_WHAT THIS TASK INVOLVES_
Restate every entry verbatim; drop the pictures.

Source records
---+---
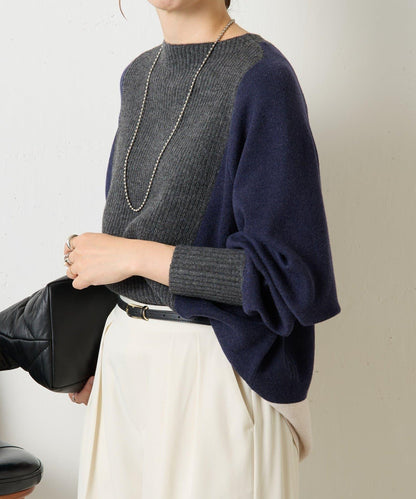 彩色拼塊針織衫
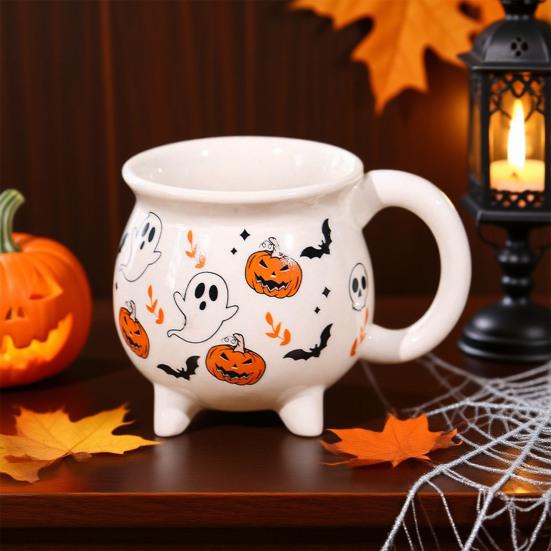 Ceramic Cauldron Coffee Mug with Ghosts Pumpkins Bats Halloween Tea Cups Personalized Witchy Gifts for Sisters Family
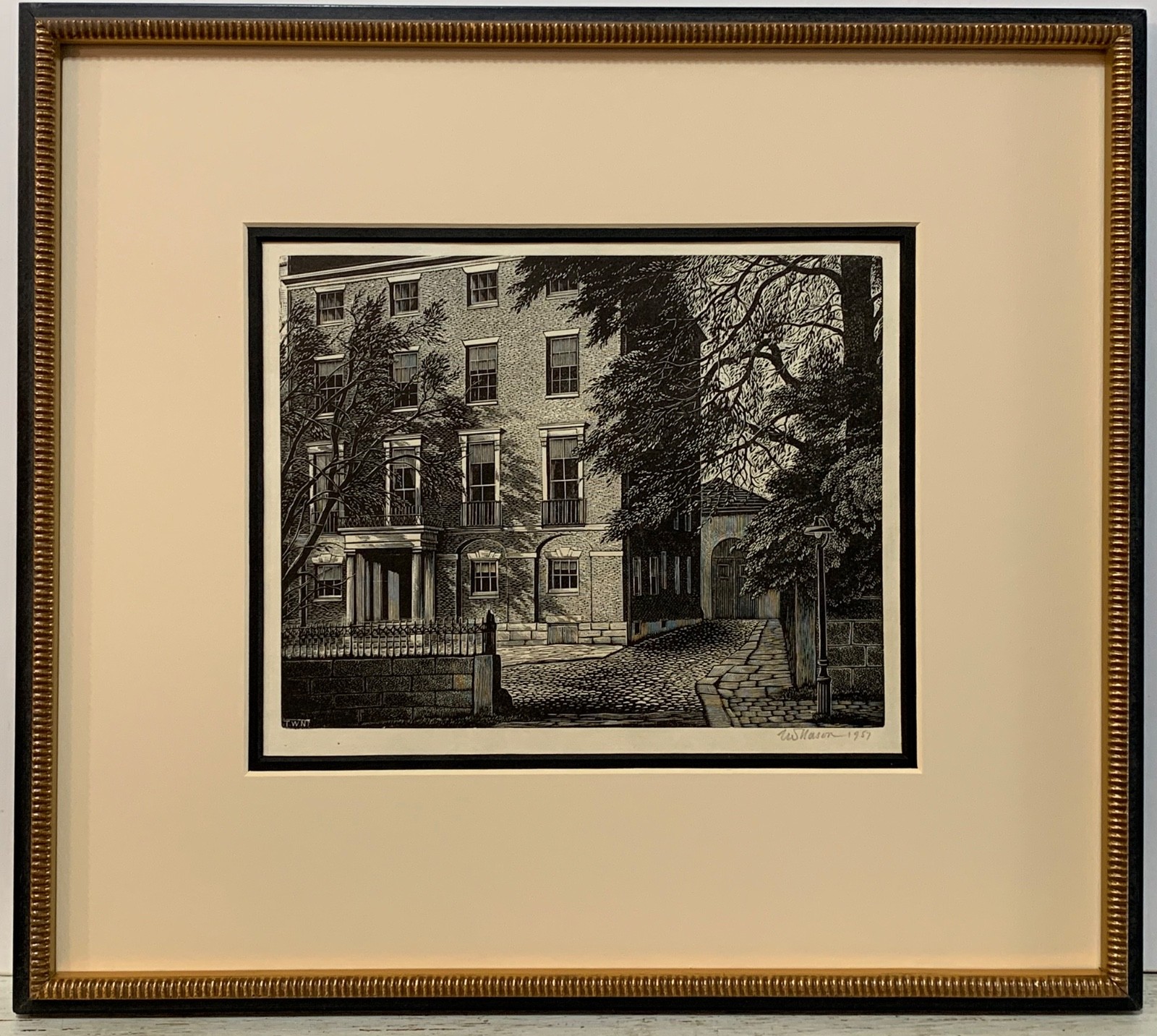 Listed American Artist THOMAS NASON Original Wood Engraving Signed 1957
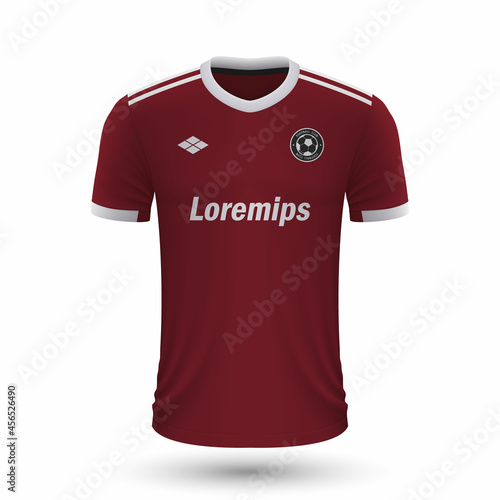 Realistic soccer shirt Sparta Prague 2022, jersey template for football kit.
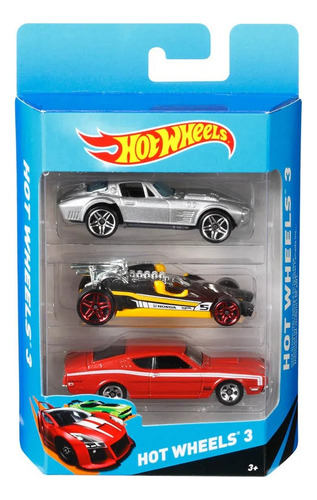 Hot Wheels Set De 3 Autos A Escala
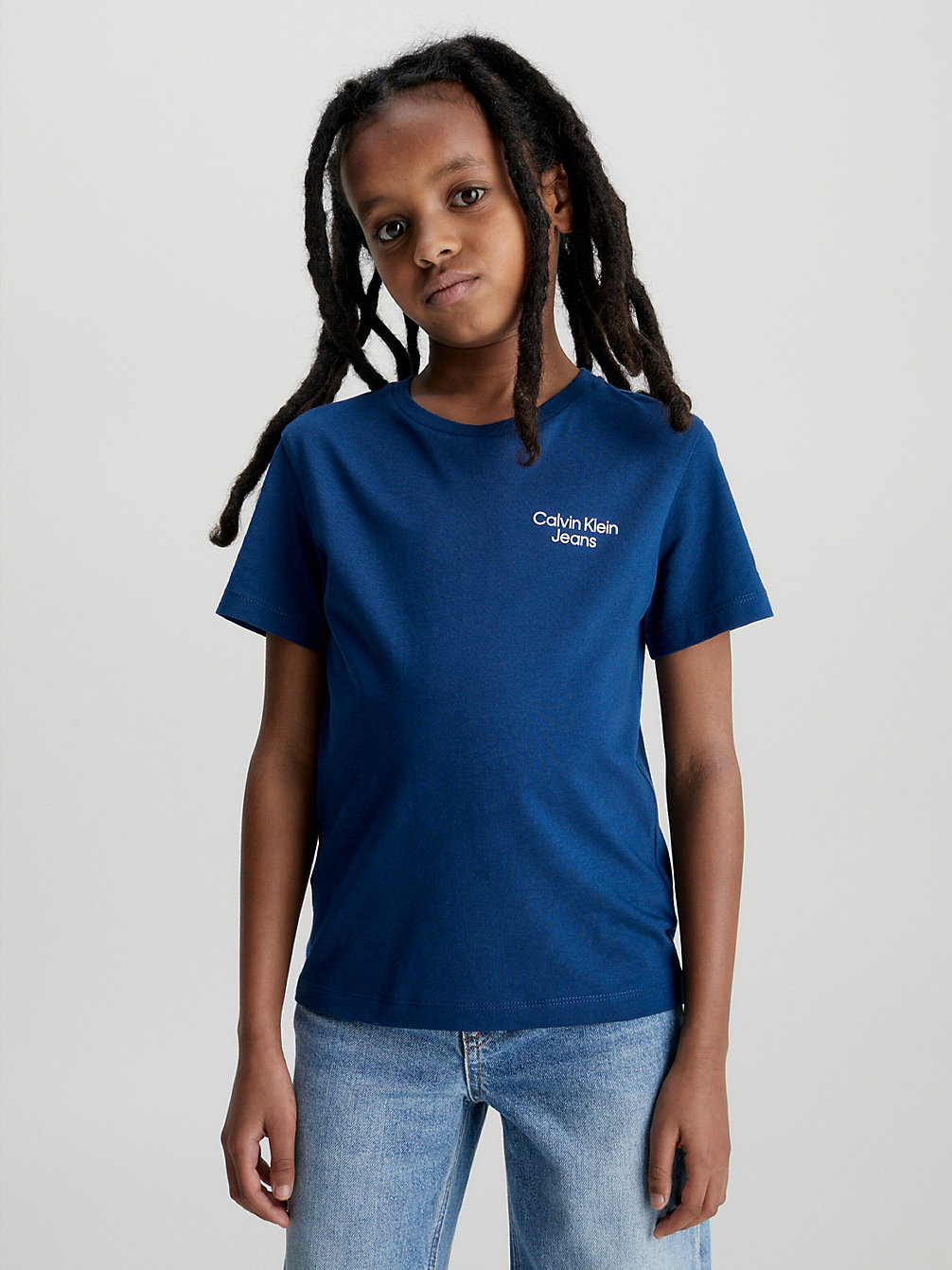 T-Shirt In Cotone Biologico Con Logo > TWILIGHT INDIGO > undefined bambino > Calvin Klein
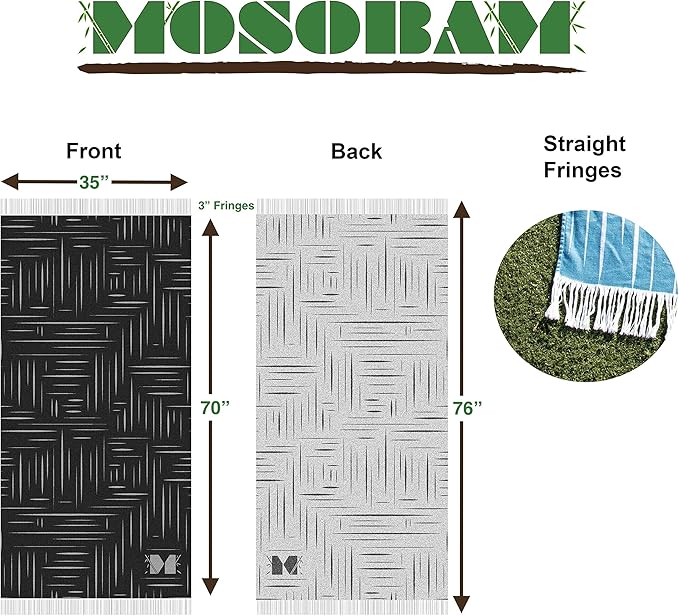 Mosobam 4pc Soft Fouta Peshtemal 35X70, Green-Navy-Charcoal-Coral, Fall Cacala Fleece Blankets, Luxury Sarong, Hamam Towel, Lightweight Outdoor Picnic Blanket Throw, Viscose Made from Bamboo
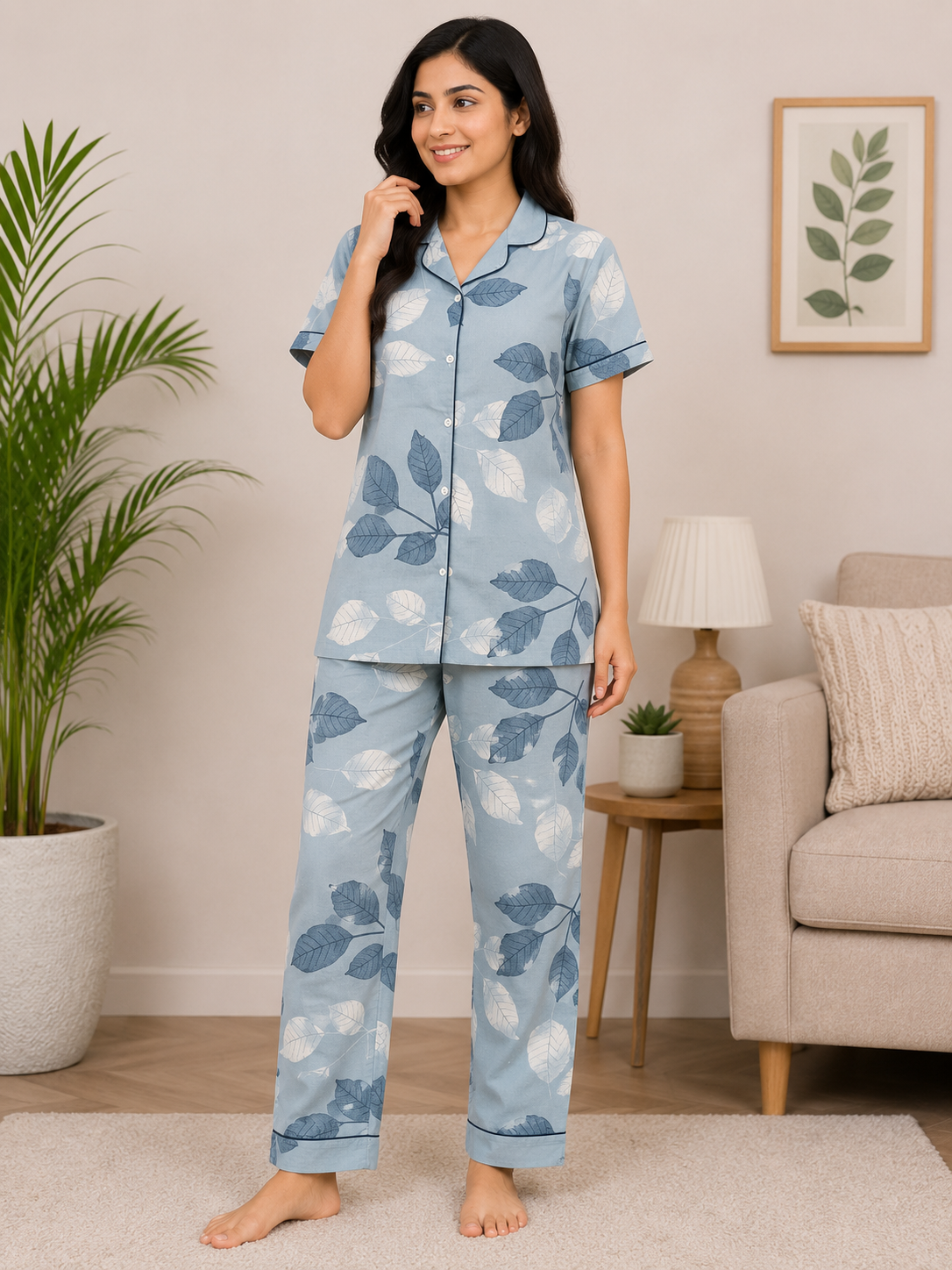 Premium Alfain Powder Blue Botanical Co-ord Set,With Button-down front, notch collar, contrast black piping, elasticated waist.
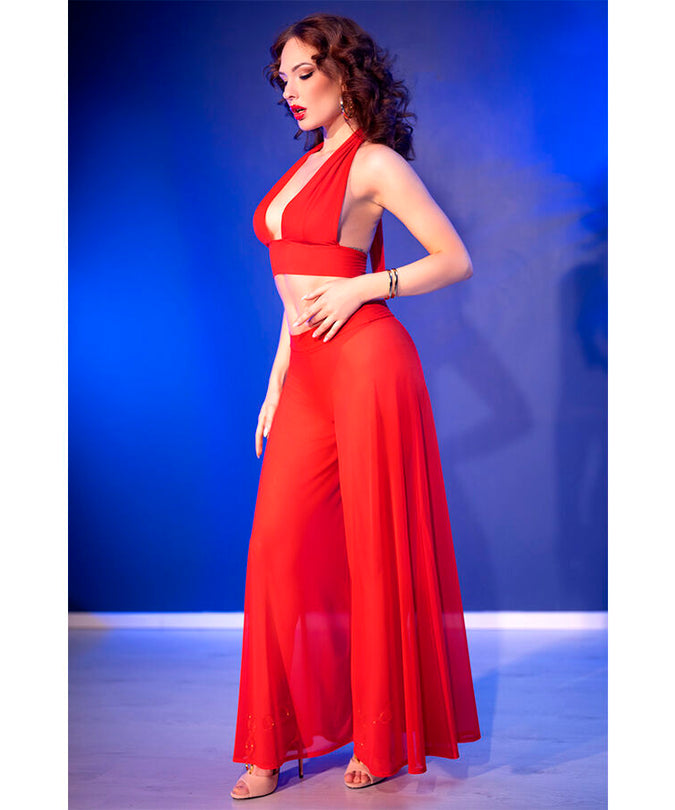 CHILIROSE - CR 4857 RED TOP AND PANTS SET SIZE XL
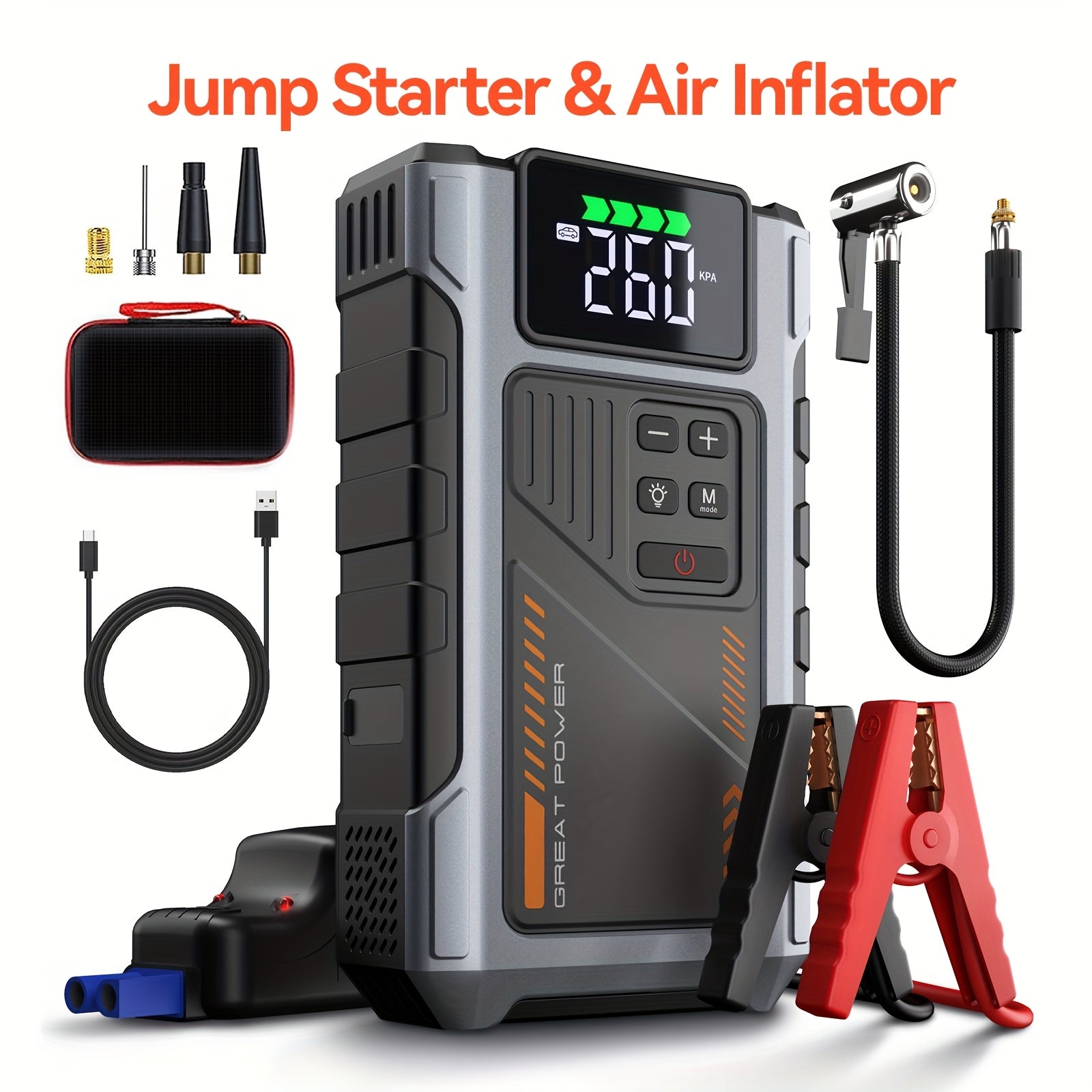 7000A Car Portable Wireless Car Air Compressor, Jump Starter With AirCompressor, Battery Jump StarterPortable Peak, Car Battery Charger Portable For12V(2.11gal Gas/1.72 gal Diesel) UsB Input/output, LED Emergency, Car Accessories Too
---+---
_YOUR SOLUTION_
 彩色拼塊針織衫
 Ceramic Cauldron Coffee Mug with Ghosts Pumpkins Bats Halloween Tea Cups Personalized Witchy Gifts for Sisters Family
 Listed American Artist THOMAS NASON Original Wood Engraving Signed 1957
 Realistic soccer shirt Sparta Prague 2022, jersey template for football kit.
 Hot Wheels Set De 3 Autos A Escala
 T-Shirt In Cotone Biologico Con Logo > TWILIGHT INDIGO > undefined bambino > Calvin Klein
 Mosobam 4pc Soft Fouta Peshtemal 35X70, Green-Navy-Charcoal-Coral, Fall Cacala Fleece Blankets, Luxury Sarong, Hamam Towel, Lightweight Outdoor Picnic Blanket Throw, Viscose Made from Bamboo
 Premium Alfain Powder Blue Botanical Co-ord Set,With Button-down front, notch collar, contrast black piping, elasticated waist.
 CHILIROSE - CR 4857 RED TOP AND PANTS SET SIZE XL
 7000A Car Portable Wireless Car Air Compressor, Jump Starter With AirCompressor, Battery Jump StarterPortable Peak, Car Battery Charger Portable For12V(2.11gal Gas/1.72 gal Diesel) UsB Input/output, LED Emergency, Car Accessories Too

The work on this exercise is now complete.